◆ TASK DIRECTIONS
Leave out every picture, then transcribe the rest of the listing exactly.

◆ DATA EXCERPT
════════════════

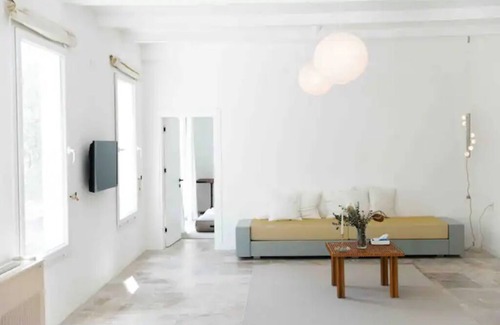 Urla Casa | A Unique House Among the Olive Trees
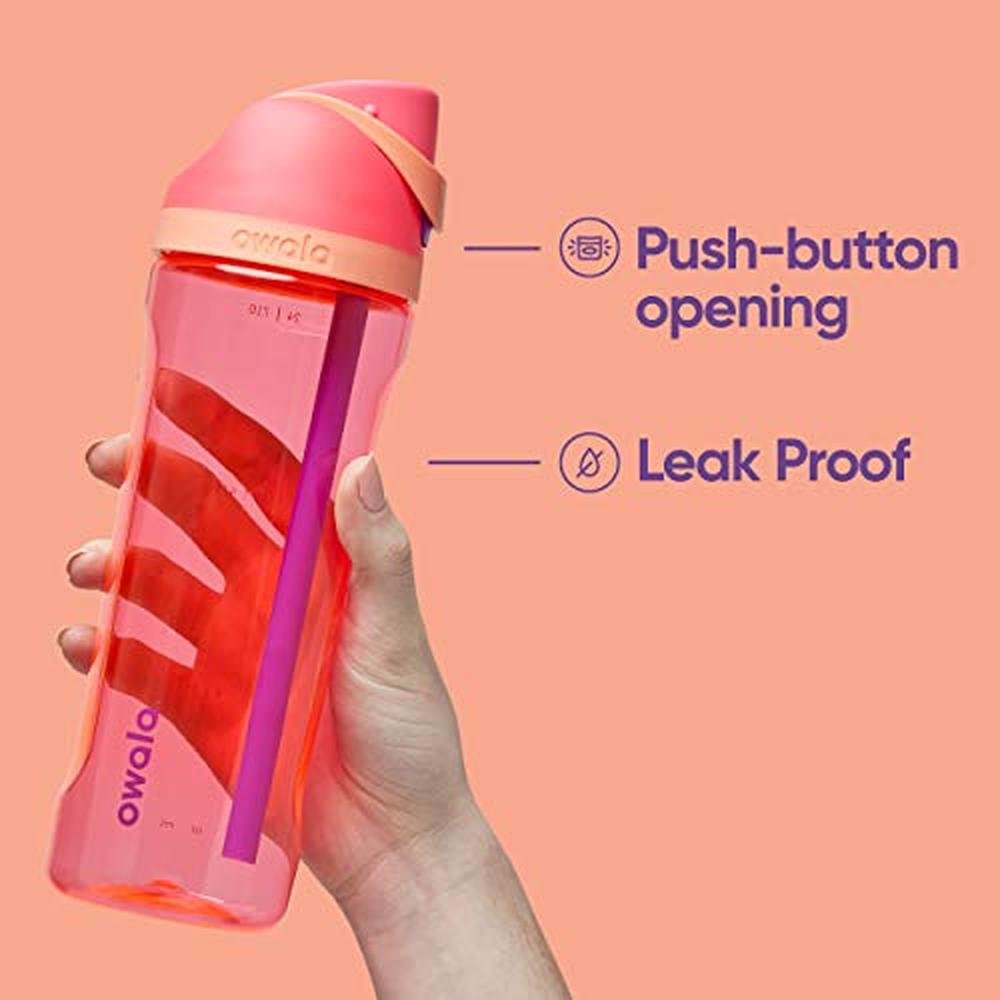Water Bottle: Owala FreeSip Clear Tritan Plastic Water – Close-up Detail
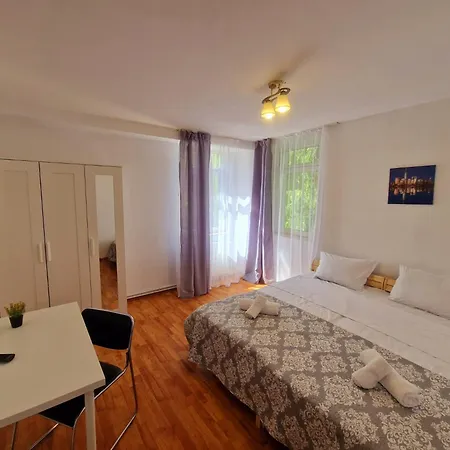 Homestay Stephanie Apartment-centru Civic Brasov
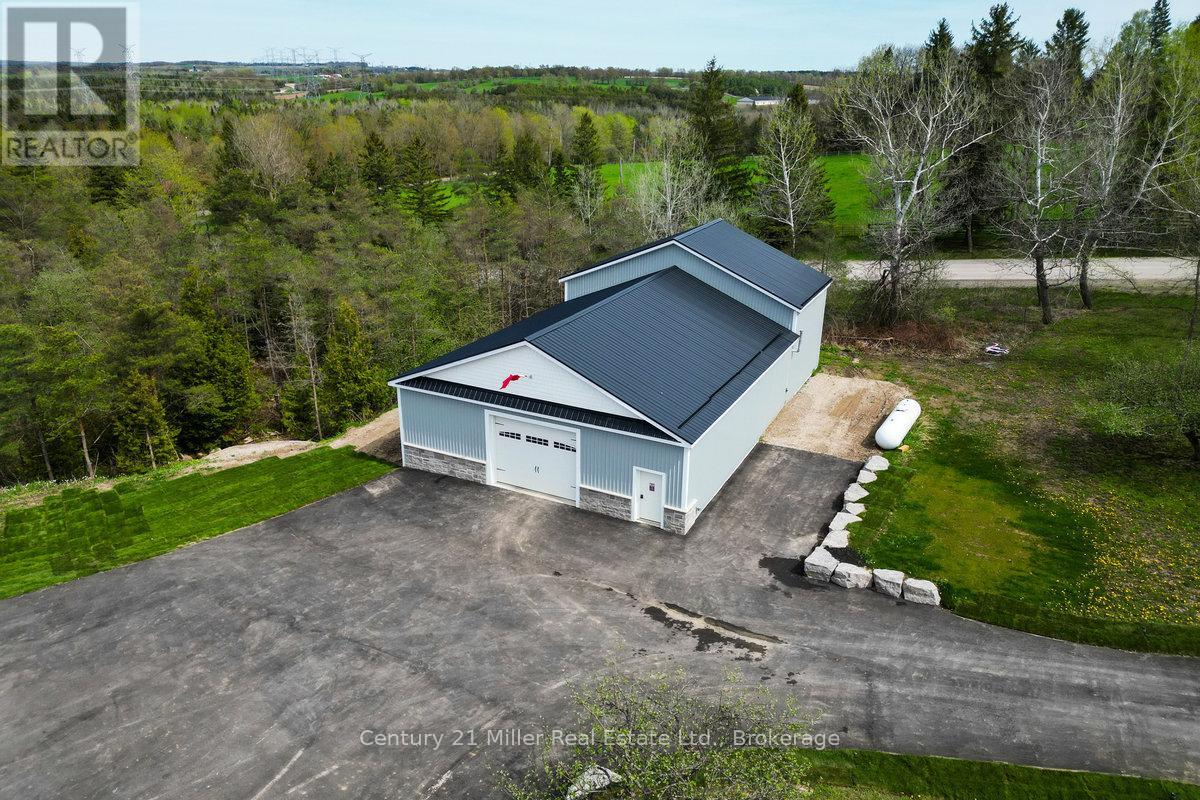 5583 Third Line Property Photo 45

════════════════

◆ SOLUTION FOR THIS PROBLEM
 Urla Casa | A Unique House Among the Olive Trees
Water Bottle: Owala FreeSip Clear Tritan Plastic Water – Close-up Detail
 Homestay Stephanie Apartment-centru Civic Brasov
 5583 Third Line Property Photo 45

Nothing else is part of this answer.